La cantina Enrico Serafino ha deciso di non essere presente fisicamente al Vinitaly, ma di mantenere lo stand vuoto nella solita postazione, una scelta forte e simbolica. Qual è il messaggio che volete comunicare?
Abbiamo un grande rispetto nei confronti di Vinitaly, una manifestazione molto importante che ha dato tanto al settore vino. Quindi mantenere lo spazio e montare lo stand nella classica postazione significa riconoscere il valore e avere riconoscenza per questa fiera.
Tuttavia la situazione dei contagi richiede una prudenza particolare e giustamente, per le regole in vigore durante la fiera, nel nostro stand che è piuttosto piccolo, dovremmo essere un numero esiguo di persone. Questo non ci permette di accogliere tutti e non ci sentiamo in grado di garantire la sicurezza dei nostri clienti e dei nostri collaboratori.

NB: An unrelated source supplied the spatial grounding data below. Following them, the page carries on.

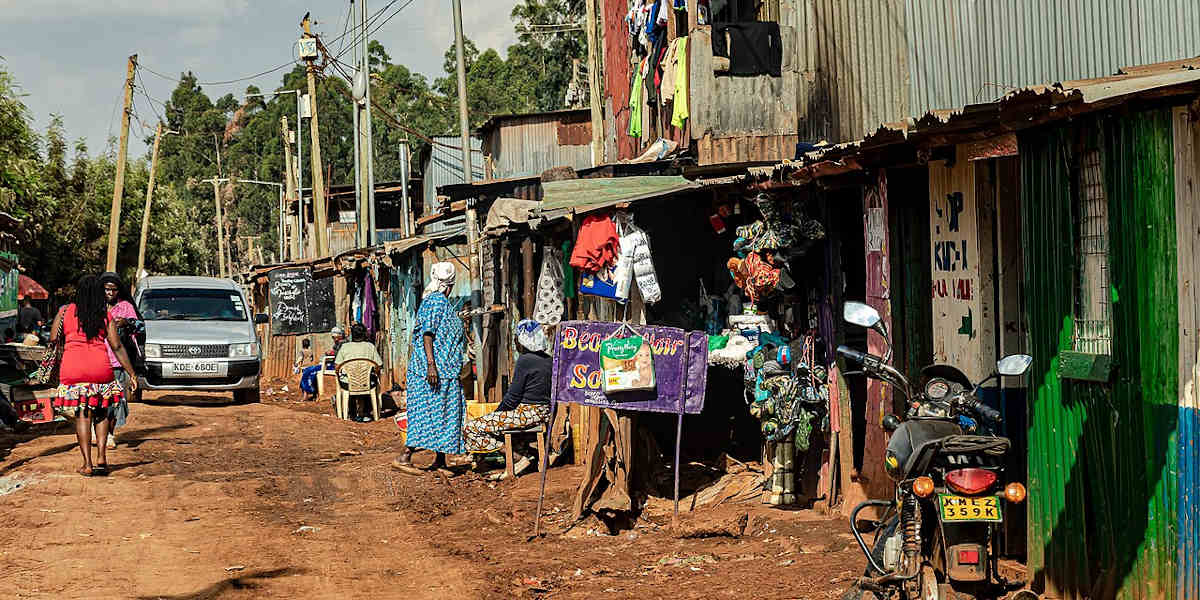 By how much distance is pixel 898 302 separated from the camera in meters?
8.77

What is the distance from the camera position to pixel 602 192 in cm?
1110

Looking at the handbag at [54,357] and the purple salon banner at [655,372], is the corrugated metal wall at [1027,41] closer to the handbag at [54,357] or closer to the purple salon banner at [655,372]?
the purple salon banner at [655,372]

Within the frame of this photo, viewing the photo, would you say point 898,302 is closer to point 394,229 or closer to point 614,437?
point 614,437

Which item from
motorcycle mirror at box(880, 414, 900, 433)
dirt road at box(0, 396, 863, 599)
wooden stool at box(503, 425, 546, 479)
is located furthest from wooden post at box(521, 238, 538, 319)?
motorcycle mirror at box(880, 414, 900, 433)

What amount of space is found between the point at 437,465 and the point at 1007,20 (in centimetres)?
722

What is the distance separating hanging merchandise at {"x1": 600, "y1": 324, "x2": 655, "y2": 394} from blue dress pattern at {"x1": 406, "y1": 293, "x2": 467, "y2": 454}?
3.68 metres

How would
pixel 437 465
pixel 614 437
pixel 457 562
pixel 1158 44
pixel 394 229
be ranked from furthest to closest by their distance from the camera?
1. pixel 394 229
2. pixel 437 465
3. pixel 614 437
4. pixel 1158 44
5. pixel 457 562

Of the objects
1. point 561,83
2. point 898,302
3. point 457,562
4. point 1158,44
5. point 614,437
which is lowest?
point 457,562

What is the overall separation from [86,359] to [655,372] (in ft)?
19.4

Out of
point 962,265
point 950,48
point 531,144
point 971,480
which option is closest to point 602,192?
point 950,48

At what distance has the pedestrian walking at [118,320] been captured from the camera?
12.8 metres

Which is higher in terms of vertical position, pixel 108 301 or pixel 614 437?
pixel 108 301

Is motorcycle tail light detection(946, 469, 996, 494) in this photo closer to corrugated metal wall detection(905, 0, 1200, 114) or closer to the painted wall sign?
the painted wall sign

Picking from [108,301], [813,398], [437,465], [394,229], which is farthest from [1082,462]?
[394,229] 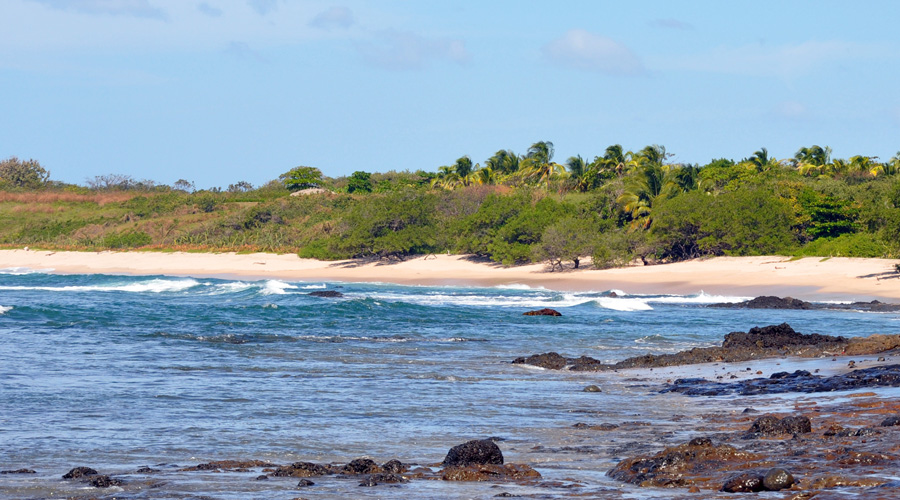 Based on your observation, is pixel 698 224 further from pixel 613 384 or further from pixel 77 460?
pixel 77 460

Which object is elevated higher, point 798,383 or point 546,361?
point 798,383

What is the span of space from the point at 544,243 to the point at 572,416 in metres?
40.9

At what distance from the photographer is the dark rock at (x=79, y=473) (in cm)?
798

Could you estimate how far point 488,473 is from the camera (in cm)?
806

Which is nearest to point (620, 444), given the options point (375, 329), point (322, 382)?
point (322, 382)

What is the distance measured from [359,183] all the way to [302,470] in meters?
89.4

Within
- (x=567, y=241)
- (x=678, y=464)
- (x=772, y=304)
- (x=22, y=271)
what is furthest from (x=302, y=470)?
(x=22, y=271)

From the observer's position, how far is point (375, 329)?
26156 mm

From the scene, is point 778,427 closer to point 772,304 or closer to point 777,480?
point 777,480

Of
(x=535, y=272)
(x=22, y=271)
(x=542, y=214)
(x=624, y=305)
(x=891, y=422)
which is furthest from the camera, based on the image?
(x=22, y=271)

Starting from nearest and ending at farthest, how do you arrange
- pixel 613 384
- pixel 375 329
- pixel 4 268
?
pixel 613 384 → pixel 375 329 → pixel 4 268

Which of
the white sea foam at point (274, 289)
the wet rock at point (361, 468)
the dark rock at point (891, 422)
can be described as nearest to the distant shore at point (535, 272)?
the white sea foam at point (274, 289)

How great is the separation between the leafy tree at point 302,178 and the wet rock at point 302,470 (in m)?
92.8

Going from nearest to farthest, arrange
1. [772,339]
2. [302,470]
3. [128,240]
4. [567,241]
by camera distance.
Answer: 1. [302,470]
2. [772,339]
3. [567,241]
4. [128,240] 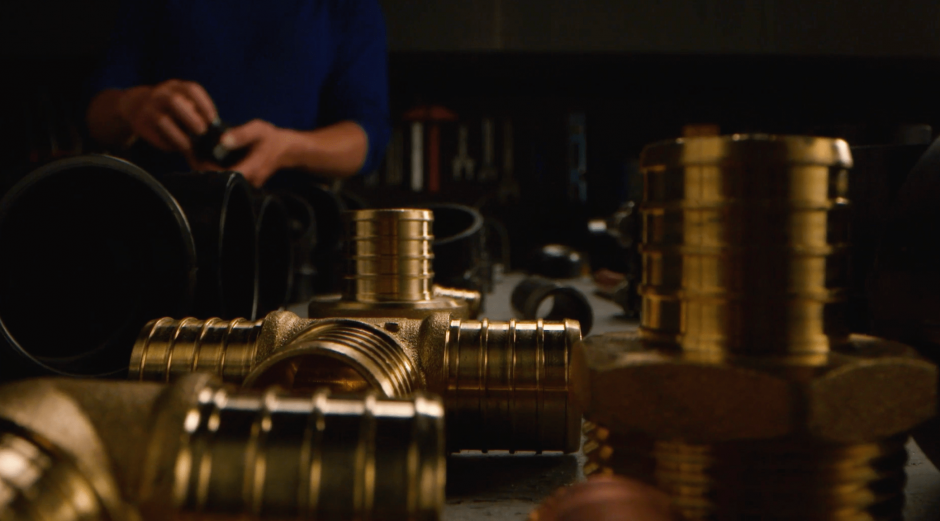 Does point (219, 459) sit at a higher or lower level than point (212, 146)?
lower

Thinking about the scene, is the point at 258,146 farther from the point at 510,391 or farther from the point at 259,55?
the point at 510,391

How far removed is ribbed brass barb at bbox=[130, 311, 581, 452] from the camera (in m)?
0.55

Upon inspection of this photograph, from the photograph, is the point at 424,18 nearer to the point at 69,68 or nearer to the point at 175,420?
the point at 69,68

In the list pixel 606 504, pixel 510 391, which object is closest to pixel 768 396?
pixel 606 504

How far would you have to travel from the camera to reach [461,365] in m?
0.56

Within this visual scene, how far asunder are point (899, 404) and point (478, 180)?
3.37 m

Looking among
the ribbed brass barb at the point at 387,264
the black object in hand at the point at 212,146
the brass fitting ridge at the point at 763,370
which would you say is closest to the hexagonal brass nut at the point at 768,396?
the brass fitting ridge at the point at 763,370

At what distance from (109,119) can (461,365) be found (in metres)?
1.29

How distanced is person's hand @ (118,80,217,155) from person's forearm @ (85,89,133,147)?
14cm

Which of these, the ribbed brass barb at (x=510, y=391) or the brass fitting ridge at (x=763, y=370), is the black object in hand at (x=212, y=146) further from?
the brass fitting ridge at (x=763, y=370)

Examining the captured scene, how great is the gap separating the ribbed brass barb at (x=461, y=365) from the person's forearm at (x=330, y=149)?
3.54 ft

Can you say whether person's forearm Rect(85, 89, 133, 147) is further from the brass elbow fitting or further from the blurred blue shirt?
the brass elbow fitting

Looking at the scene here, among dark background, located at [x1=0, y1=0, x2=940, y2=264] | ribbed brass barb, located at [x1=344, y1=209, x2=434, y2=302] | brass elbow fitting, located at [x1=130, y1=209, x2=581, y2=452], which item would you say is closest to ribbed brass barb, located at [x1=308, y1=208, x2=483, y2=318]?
ribbed brass barb, located at [x1=344, y1=209, x2=434, y2=302]

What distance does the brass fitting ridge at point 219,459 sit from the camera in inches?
11.7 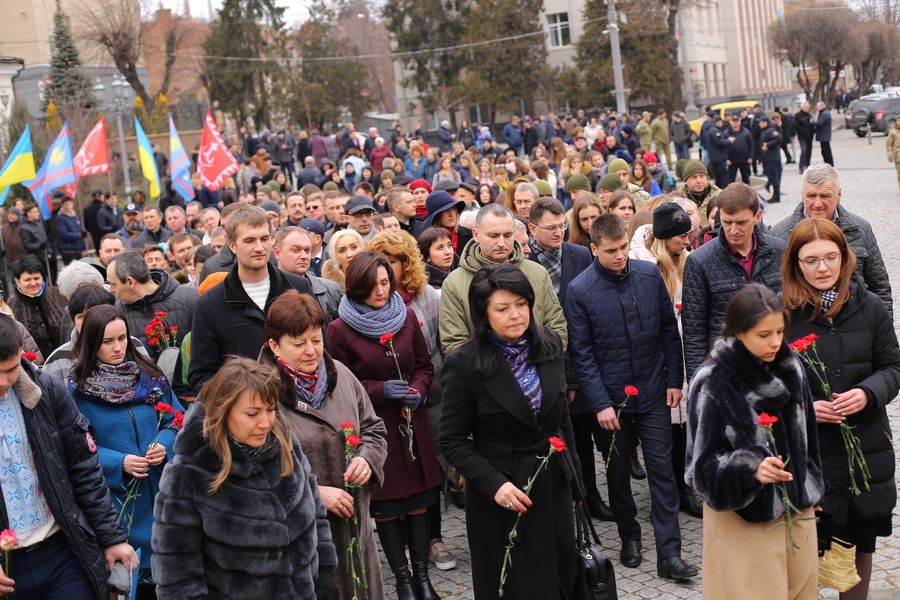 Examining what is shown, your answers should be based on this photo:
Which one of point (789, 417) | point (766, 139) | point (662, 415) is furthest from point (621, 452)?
point (766, 139)

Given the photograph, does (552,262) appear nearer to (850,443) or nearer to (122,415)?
(850,443)

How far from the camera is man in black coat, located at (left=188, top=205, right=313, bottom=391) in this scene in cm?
520

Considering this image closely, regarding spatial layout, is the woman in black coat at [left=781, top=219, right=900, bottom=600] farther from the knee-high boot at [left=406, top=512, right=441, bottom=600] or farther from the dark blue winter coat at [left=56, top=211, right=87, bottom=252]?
the dark blue winter coat at [left=56, top=211, right=87, bottom=252]

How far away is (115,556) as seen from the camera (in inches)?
168

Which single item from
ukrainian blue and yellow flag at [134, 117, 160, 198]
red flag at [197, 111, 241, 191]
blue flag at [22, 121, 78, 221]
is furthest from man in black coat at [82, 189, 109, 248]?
red flag at [197, 111, 241, 191]

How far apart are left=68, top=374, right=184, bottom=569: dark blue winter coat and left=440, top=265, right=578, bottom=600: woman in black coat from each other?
5.18 feet

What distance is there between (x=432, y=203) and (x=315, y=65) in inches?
1872

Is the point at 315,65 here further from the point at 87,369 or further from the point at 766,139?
the point at 87,369

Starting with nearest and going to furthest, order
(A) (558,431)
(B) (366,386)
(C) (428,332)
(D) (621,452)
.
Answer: (A) (558,431)
(B) (366,386)
(D) (621,452)
(C) (428,332)

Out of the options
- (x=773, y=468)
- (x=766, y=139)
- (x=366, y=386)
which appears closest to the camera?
(x=773, y=468)

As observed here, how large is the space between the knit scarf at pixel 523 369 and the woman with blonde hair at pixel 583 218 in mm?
3524

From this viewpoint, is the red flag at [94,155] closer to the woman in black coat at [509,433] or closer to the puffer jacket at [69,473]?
the puffer jacket at [69,473]

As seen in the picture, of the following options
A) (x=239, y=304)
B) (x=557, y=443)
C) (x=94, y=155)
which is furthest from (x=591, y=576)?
(x=94, y=155)

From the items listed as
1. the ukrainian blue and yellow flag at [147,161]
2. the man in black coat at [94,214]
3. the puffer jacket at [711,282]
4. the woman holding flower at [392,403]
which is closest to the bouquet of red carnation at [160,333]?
the woman holding flower at [392,403] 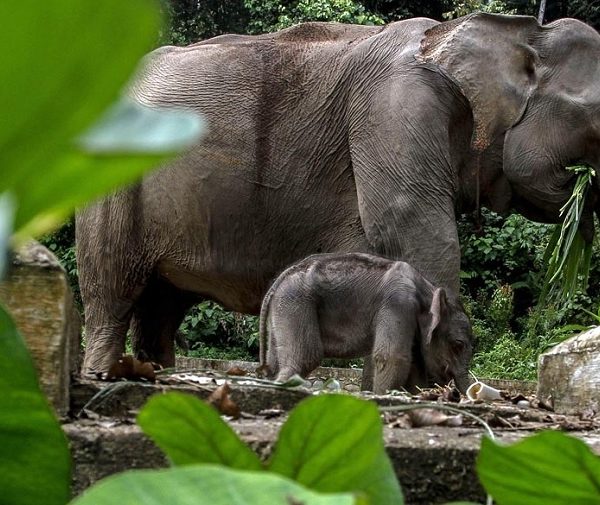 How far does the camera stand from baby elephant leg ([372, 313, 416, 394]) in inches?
193

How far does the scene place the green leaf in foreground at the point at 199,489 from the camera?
237 millimetres

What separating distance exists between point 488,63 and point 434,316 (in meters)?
1.77

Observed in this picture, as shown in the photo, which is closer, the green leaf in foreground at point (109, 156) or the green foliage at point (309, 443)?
the green leaf in foreground at point (109, 156)

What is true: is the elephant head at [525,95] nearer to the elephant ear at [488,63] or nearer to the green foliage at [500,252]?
the elephant ear at [488,63]

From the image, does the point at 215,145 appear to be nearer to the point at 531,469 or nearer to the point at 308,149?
the point at 308,149

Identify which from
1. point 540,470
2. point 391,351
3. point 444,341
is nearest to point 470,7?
point 444,341

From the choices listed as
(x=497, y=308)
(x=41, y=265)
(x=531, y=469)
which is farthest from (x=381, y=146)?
(x=497, y=308)

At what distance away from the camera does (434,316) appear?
5.07m

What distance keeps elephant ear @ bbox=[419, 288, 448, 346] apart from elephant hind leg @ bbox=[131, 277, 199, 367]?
2802 millimetres

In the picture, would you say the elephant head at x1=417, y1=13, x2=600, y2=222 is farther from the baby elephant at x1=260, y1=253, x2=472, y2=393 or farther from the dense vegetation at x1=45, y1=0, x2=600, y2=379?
the dense vegetation at x1=45, y1=0, x2=600, y2=379

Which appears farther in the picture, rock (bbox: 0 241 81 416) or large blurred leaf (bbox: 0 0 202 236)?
rock (bbox: 0 241 81 416)

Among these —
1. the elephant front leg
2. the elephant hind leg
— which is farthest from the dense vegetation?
the elephant front leg

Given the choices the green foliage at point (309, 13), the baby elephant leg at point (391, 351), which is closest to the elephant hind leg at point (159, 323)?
the baby elephant leg at point (391, 351)

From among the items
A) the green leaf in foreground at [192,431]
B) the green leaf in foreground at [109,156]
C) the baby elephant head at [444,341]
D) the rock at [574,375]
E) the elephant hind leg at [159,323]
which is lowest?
the elephant hind leg at [159,323] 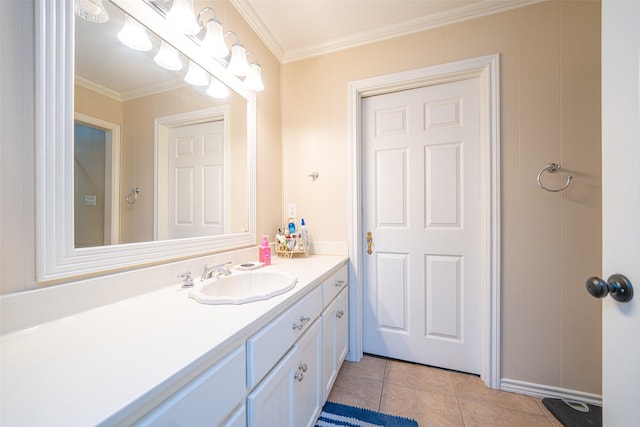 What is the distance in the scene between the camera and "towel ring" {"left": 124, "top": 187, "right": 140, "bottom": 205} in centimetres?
93

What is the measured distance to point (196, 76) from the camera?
1.21 metres

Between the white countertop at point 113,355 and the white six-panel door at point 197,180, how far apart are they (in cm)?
41

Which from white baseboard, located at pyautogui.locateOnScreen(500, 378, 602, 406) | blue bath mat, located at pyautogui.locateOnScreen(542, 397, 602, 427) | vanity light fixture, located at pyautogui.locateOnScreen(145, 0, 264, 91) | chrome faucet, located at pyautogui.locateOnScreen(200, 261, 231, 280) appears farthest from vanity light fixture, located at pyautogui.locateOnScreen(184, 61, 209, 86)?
blue bath mat, located at pyautogui.locateOnScreen(542, 397, 602, 427)

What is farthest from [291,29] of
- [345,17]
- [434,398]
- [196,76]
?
[434,398]

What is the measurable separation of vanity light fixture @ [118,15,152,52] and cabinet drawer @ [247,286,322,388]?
3.87 feet

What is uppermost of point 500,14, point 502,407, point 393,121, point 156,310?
point 500,14

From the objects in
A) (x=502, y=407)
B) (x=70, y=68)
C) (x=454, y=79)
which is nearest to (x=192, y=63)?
(x=70, y=68)

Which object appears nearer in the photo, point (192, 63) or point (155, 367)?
point (155, 367)

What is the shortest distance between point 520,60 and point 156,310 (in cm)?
224

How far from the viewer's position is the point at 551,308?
4.61 feet

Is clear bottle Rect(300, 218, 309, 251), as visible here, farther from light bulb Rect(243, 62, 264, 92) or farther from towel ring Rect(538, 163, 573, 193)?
towel ring Rect(538, 163, 573, 193)

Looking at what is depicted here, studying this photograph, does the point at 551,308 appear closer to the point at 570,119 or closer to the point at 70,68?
the point at 570,119

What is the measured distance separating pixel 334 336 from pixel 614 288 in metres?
1.18

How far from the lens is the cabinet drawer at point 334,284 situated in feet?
4.29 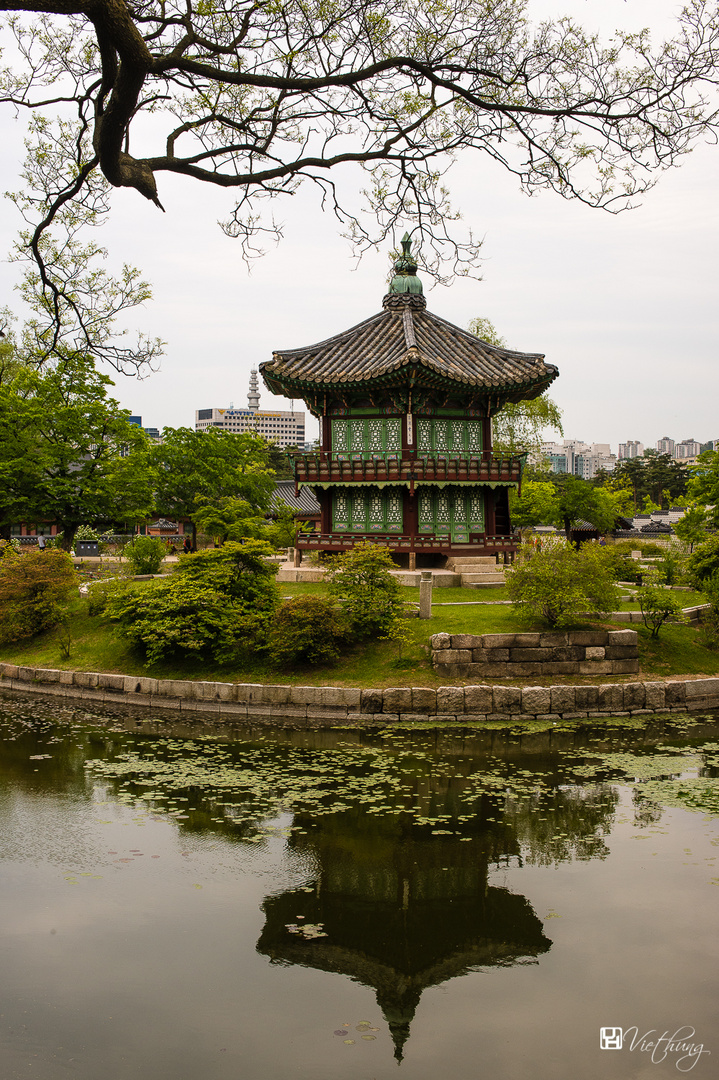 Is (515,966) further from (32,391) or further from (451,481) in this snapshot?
(32,391)

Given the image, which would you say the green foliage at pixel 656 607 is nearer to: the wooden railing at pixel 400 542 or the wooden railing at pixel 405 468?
the wooden railing at pixel 400 542

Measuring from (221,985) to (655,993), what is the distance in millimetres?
4078

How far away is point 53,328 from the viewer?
9.66 m

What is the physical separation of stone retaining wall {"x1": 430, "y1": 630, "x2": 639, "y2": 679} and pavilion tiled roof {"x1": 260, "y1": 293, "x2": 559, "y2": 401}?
11684 mm

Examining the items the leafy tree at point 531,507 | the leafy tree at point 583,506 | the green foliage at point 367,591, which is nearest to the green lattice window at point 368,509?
the green foliage at point 367,591

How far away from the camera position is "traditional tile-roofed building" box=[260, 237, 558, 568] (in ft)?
93.8

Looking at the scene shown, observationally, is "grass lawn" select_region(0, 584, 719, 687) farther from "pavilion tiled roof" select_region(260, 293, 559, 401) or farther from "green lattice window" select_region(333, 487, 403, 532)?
"pavilion tiled roof" select_region(260, 293, 559, 401)

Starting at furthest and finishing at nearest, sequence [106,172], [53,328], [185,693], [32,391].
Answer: [32,391] < [185,693] < [53,328] < [106,172]

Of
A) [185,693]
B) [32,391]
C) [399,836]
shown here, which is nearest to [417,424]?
[185,693]

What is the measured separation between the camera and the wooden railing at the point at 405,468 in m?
28.4

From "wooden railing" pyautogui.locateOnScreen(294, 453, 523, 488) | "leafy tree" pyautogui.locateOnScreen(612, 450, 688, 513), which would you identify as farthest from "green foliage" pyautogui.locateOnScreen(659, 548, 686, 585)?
"leafy tree" pyautogui.locateOnScreen(612, 450, 688, 513)

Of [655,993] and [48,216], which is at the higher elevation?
[48,216]

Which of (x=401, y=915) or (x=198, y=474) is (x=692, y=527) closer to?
(x=401, y=915)

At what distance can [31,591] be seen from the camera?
2362 cm
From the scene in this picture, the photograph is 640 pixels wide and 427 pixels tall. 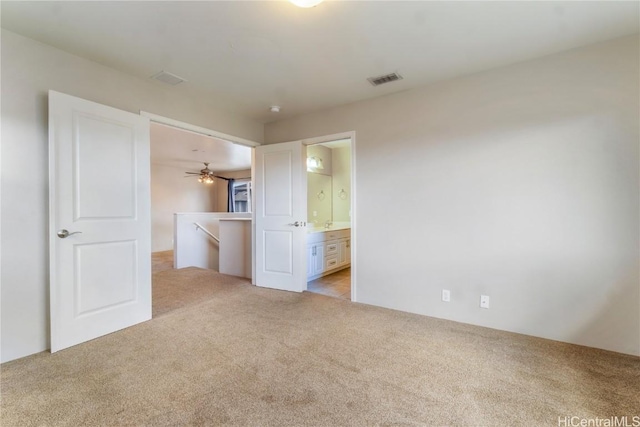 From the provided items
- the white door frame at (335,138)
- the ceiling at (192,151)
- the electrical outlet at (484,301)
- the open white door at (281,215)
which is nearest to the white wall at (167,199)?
the ceiling at (192,151)

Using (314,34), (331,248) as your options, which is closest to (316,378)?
(314,34)

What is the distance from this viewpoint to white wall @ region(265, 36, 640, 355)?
7.54 ft

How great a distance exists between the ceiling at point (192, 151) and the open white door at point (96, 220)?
1738mm

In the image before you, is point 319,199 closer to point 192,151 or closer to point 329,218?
point 329,218

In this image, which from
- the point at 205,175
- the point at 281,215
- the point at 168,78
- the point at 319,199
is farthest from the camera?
the point at 205,175

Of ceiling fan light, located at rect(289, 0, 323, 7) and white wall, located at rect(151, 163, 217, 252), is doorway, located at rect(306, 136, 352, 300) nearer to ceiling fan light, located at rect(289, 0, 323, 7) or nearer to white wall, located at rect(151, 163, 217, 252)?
ceiling fan light, located at rect(289, 0, 323, 7)

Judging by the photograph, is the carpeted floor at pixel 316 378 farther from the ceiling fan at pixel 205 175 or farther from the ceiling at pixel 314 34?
the ceiling fan at pixel 205 175

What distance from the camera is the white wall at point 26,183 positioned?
2158mm

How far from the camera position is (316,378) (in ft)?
6.39

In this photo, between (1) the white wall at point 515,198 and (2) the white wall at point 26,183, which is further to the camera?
(1) the white wall at point 515,198

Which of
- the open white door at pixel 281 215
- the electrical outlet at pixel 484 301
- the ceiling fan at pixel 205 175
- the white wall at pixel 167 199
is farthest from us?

Di conseguenza la nostra scelta è stata quella di mantenere lo stand ma di posticipare la presenza fisica all’edizione 2023, quando saremo in grado di garantire quella socialità che il vino richiede.
Faccio l’avvocato del diavolo, non ritiene che questa scelta possa avere ricadute sulla vostra azienda dal punto di vista economico e di relazioni?
Nel prendere questa decisione, abbiamo parlato con i nostri importatori e clienti ed hanno capito tutti questa scelta. Sicuramente perderemo qualche contatto ma non credo ci sarà una ricaduta negativa, tutti ne hanno compreso le ragioni. In queste condizioni, ad esempio, non potremmo fare le degustazioni o gli abbinamenti col cibo che facciamo solitamente, anche perché abbiamo uno stand piccolo. Sono convinto che la nostra decisione verrà percepita come una scelta rispettosa verso la salute della persone.
Questa scelta rivela la vostra attenzione verso uno dei pilastri della sostenibilità: la responsabilità sociale, un atteggiamento di cura non solo verso l’ambiente ma anche a tutela dei lavoratori. Secondo Lei nel settore vitivinicolo questo aspetto è sufficientemente preso in considerazione?
Secondo me la responsabilità sociale è presa molto in considerazione ma poco comunicata, è molto più semplice veicolare quello che facciamo nel vigneto piuttosto che le misure legate alla sostenibilità sociale.
Le ultime ricerche di Nomisma dicono che i consumatori di vino sono 5/6 volte più attenti alla responsabilità sociale rispetto alle altre categorie dell’agroalimentare. Sicuramente dovremo occuparci sempre più dei lavoratori nei campi, dei fornitori che devono garantire scelte sostenibili. La responsabilità sociale è sicuramente un elemento virtuoso, le cui ricadute toccano tutti i soggetti della filiera.
Credo molto nella certificazione VIVA, spingono molto sulla coerenza dei comportamenti.
In base alla Sua esperienza, la certificazione VIVA permette all’azienda di avere un quadro strutturale su cui modellare le proprie scelte aziendali o viene utilizzata in base alle necessità tangibili dell’impresa?
Lei mi fa una domanda molto intelligente. Il fatto di scegliere la certificazione VIVA presuppone già l’intenzione di valutare le attività aziendali in questo senso, io cercavo una certificazione che valutasse i rapporti di responsabilità e tutela verso il paesaggio, la mobilità, i lavoratori, la comunità circostante.
Alcune scelte aziendali sono stati prese perché volevamo migliorare i parametri precedenti, dato che VIVA per mantenere la certificazione, richiede di dimostrare i miglioramenti raggiunti. Noi siamo alla seconda certificazione, quindi abbiamo superato il primo step grazie a piani concreti di miglioramento. VIVA è senz’altro diventato uno degli elementi del nostro processo decisionale.